Just got my first bike related tattoo. I have 5 other tattoos, but this is the only bike related one. Not quite done yet. I wanted to do it all in 1 session but ran out of time after 3 hours. Needs about another hour or so to finish the shading. Anybody else have any, post 'em up.


----------



## hollister (Sep 16, 2005)

*sorry,skinny tires*

passing on the left


----------



## hollister (Sep 16, 2005)

been posted before, but its a cool site. so here it is again.
http://cyclingtattoogallery.blogspot.com/


----------



## giantrider (Apr 12, 2004)

cool site, thanks for the link.


----------



## lidarman (Jan 12, 2004)

....


----------



## mtnbykr©™ (Jan 6, 2004)

mine is my avatar.


----------



## SeanL (May 4, 2005)

No tattoos for me. Someone gets near me with a needle, and they obviously are out to get me, and therefore I will defend myself.


----------



## j944 (Feb 24, 2006)

hollister said:


> passing on the left


None that are bike related. But, yours are :thumbsup:


----------



## 08nwsula (Oct 19, 2005)

giantrider said:


> Just got my first bike related tattoo. I have 5 other tattoos, but this is the only bike related one. Not quite done yet. I wanted to do it all in 1 session but ran out of time after 3 hours. Needs about another hour or so to finish the shading. Anybody else have any, post 'em up.

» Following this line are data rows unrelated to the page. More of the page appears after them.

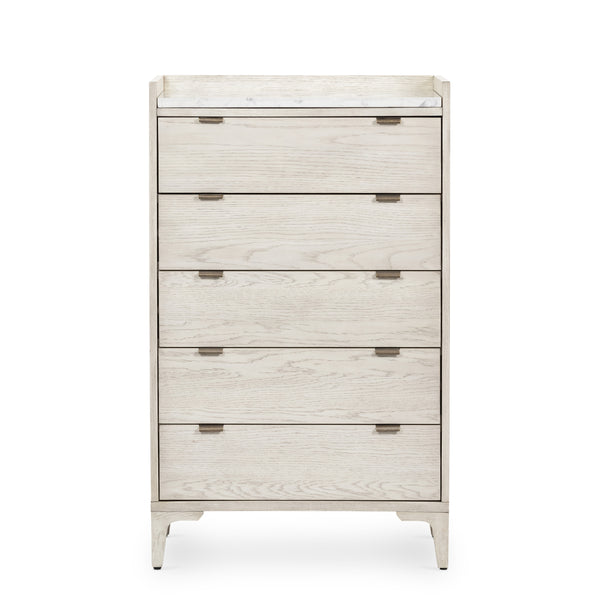 Viggo Tall Dresser In Vintage White Oak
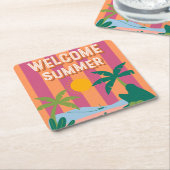 Dessous-de-verre Carré En Papier Dessous de verre papier (Incliné)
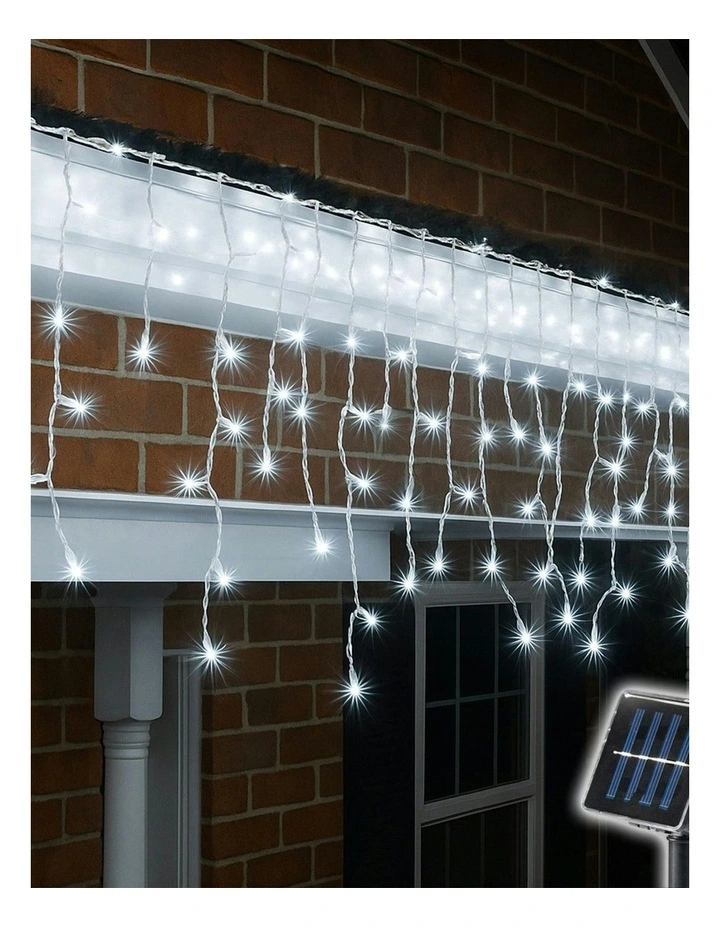Lexi Lighting 4 Colour Options Solar 480 LED Icicle Lights image 3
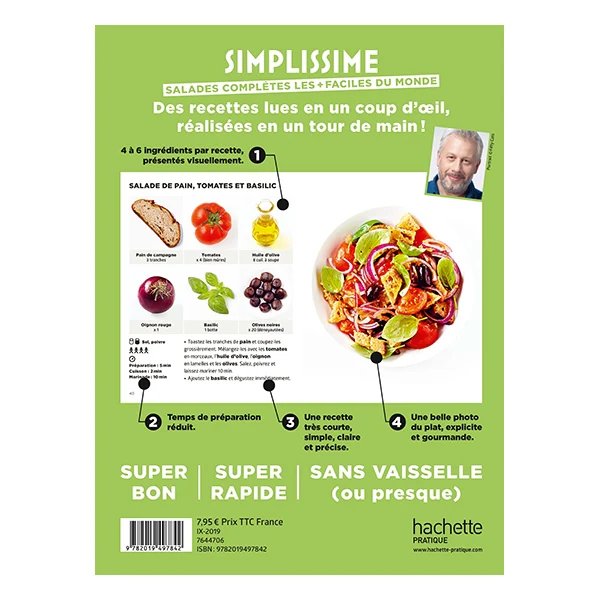 Livre Simplissime Salades complètes les plus faciles du monde Hachette pratique - Image 2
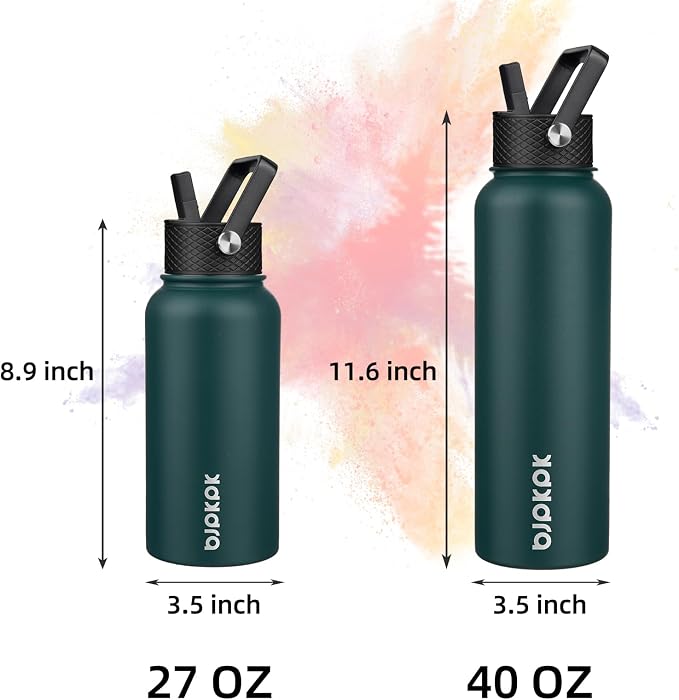 BJPKPK 40oz Insulated Water Bottle - Image 4
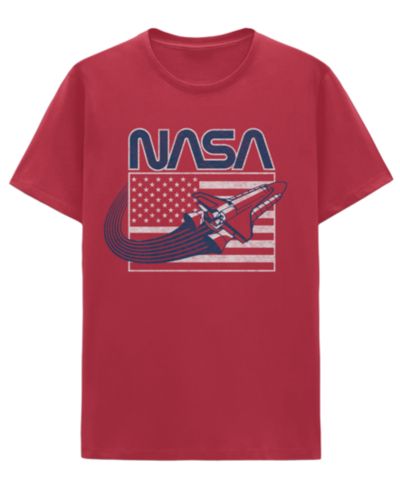 Мужская футболка Hybrid Apparel NASA Americana Rocket Flag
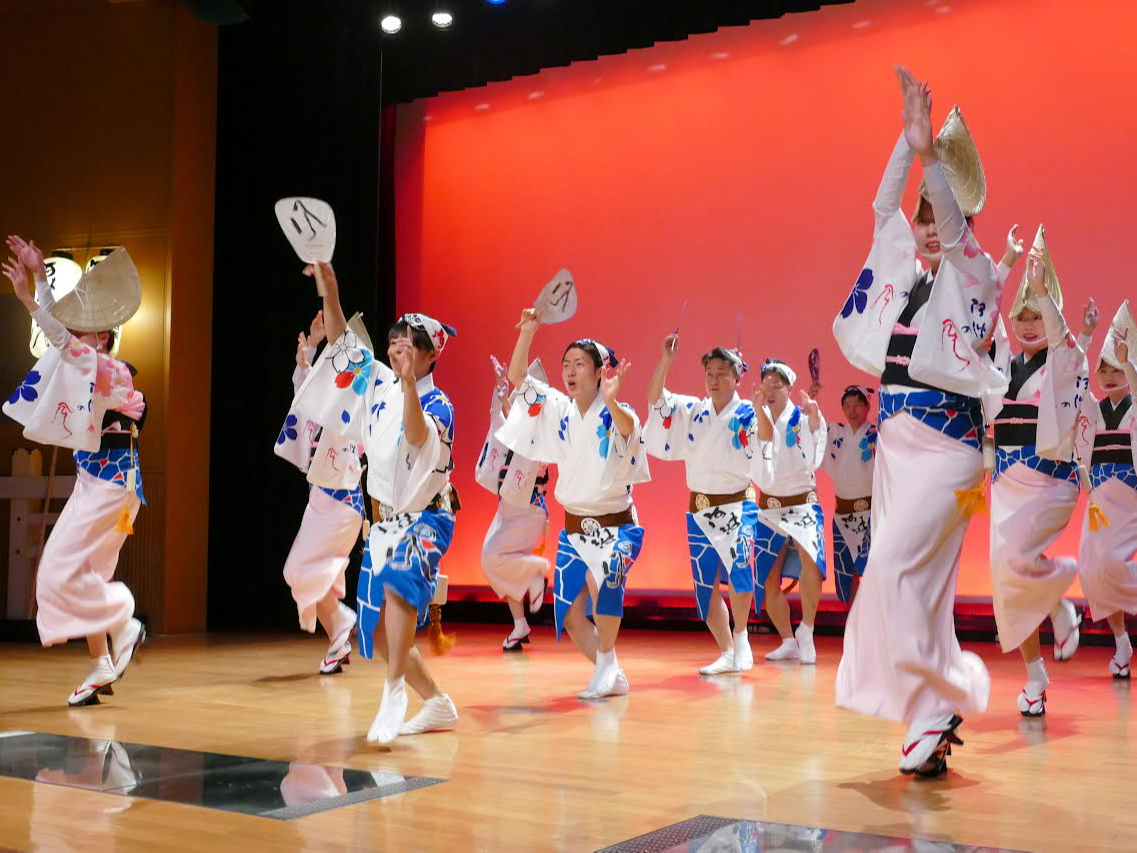 【昼の公演】阿波おどり観覧・体験♪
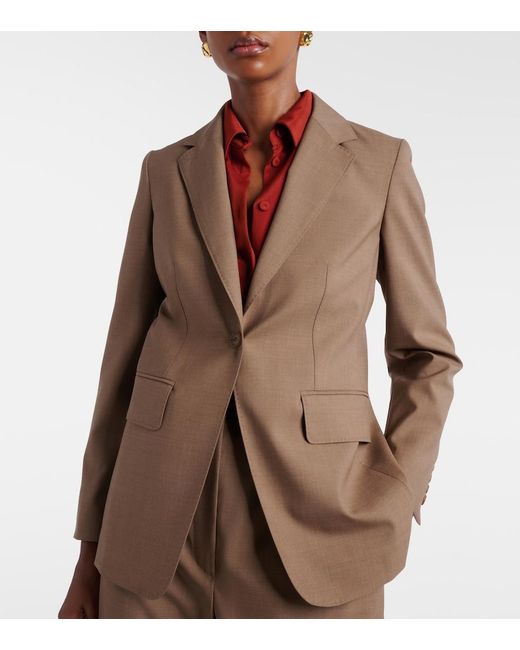 Max Mara Brown Circense Virgin Wool Blazer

one of my friends got a chain ring in the same spot, now he hates it.


----------



## giantrider (Apr 12, 2004)

08nwsula said:


> one of my friends got a chain ring in the same spot, now he hates it.


i'm not worried about it. My first was 8 eight ago. I put alot of thought into my tats and don't have any regrets about any of them. .


----------



## PeterMiller (Jan 13, 2004)

Mine is my avatar, too.


----------



## Matt22 (Dec 6, 2004)

*itsme*



hollister said:


> been posted before, but its a cool site. so here it is again.
> http://cyclingtattoogallery.blogspot.com/


I'm on there, cool site...


----------



## Mr. GT (Jan 17, 2004)

mine is also my avatar.


----------



## djcrb9 (Jan 13, 2004)

giantrider said:


> i'm not worried about it. My first was 8 eight ago. I put alot of thought into my tats and don't have any regrets about any of them. .


I've got some tattoos, but none that are bike related... yet. Cool design, it looks good.


----------



## cuvier073 (May 22, 2012)

I have a couple tattoos already. My only bike related ones are pure scar tissue, so far.


----------



## SavagePudDin (May 21, 2012)

Looks Good Giantrider!!


----------



## Copperhed51 (Feb 3, 2012)

I have one, but can't post it because I need a post count of 10. Cool tattoo though!


----------